DoE: Solid-State Lighting R&D Plan
The solid-state lighting (SSL) revolution signals a profound shift in how we will use and consider lighting and represents a huge opportunity to generate significant energy savings. The energy being used for lighting represents a significant portion of global energy use. Rising electricity prices, mounting concerns about climate change, and desire for energy independence are causing the global lighting market to shift toward more energy-efficient light sources.

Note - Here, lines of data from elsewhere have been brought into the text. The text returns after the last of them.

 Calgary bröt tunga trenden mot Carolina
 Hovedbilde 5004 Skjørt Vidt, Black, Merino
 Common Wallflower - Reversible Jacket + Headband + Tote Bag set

In most regions of the world, even with government policy support, a small fraction, less than 10%, of existing lighting installations use SSL products. For example, Strategies Unlimited estimates that in 2014, light-emitting diode (LED)-based lamps comprised just 5% of unit sales and achieved 3% penetration of the installed base [1]. Nevertheless, they forecast dramatic growth in this market such that by 2020 LED- based lamps would comprise 42% of unit sales and represent 33% of the installed base. Other forecasts also anticipate extraordinary growth over the next 5 to 10 years. By any measure these are dramatic growth projections and present significant challenges for the industry. These challenges include further efficiency improvement, continued price reduction, manufacturing scale-up, and the integration of new value and features that can accelerate adoption and provide further energy savings. Addressing these challenges also offers the U.S. the opportunity to secure a dominant role in the technology and manufacturing of these products.

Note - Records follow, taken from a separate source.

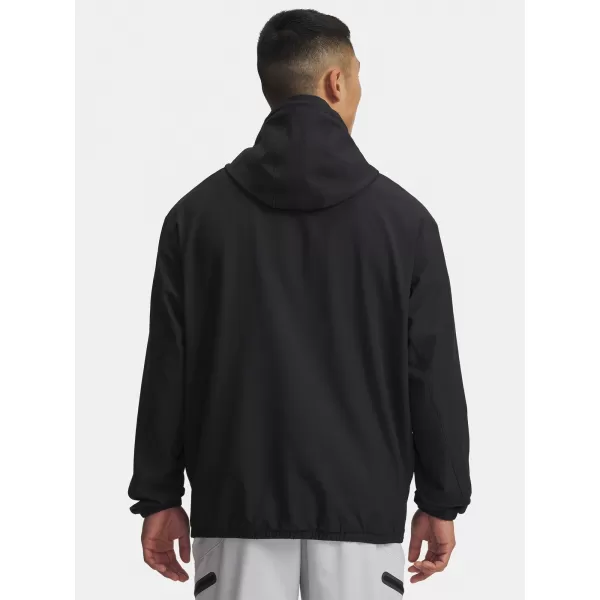  Herren-Sweatshirt UNDER ARMOUR UA UNSTOPPABLE WVN HOODIE 6003864-001 SCHWARZ 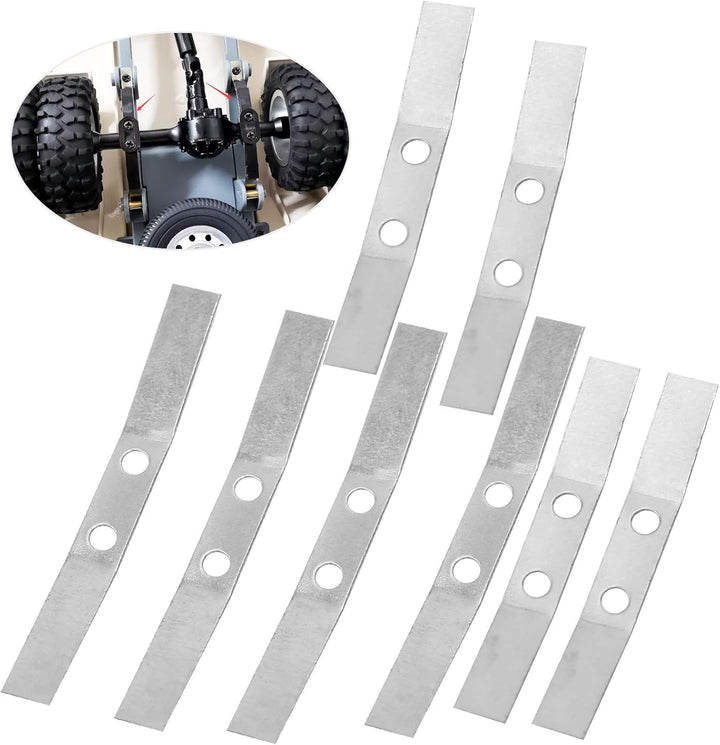RiToEasysports 8Pcs Hinterachse Blattfeder Stahl Dämpfung Blattfedern Ersatzteile Kompatibel mit WPL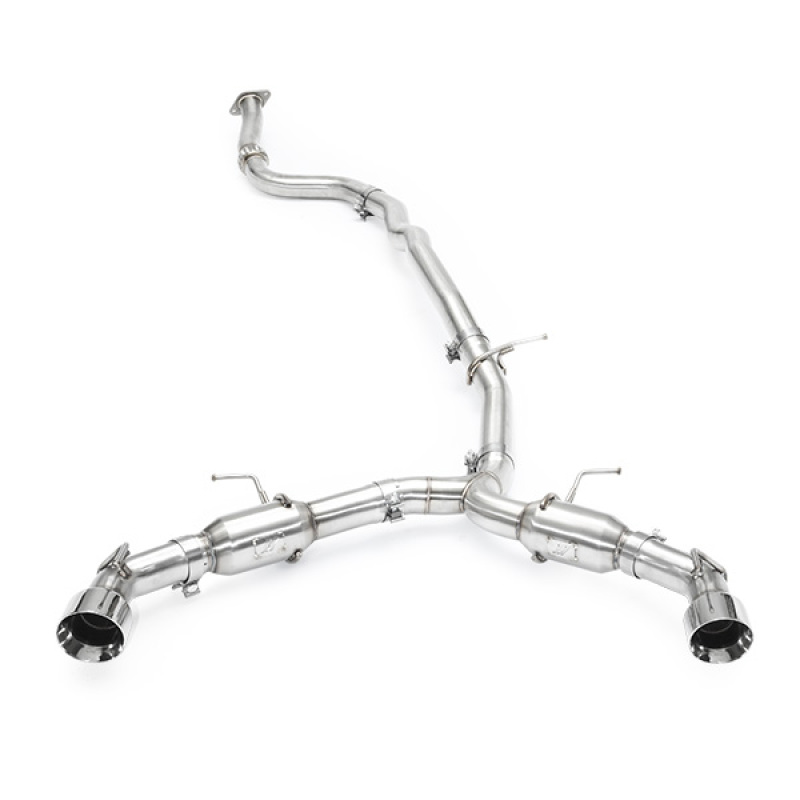 Mishimoto Cat-Back Exhaust for 2016+ Chevrolet Camaro 2.0T Dual Polished Tip - Image 2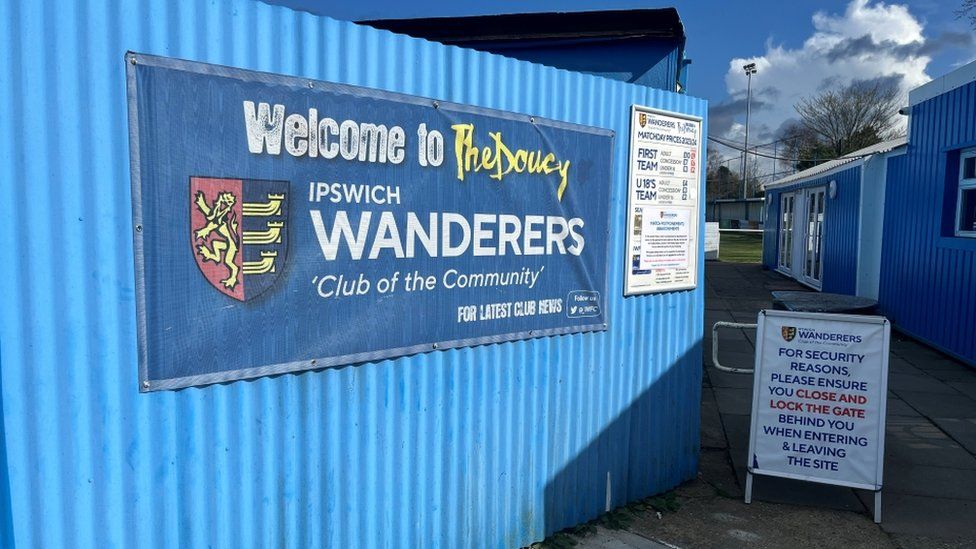 Ipswich Wanderers supporters entrance and turnstiles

In the U.S., LED lighting is forecasted to account for the majority of installations by 2030, representing 88% of the lumen-hours being generated by general illumination [2]. The high efficacy of SSL sources is a critical factor in the drive for higher adoption. LED lighting is already as efficient, or more efficient, than most incumbent technologies, but there is plenty more to come. Using fairly conservative projections for performance improvements, the Department of Energy (DOE) has determined that by 2030, LED technology can potentially save 261 terawatt-hours (TWh) annually, a 40% reduction of the site electricity consumption forecasted for a counter-factual “no-LED”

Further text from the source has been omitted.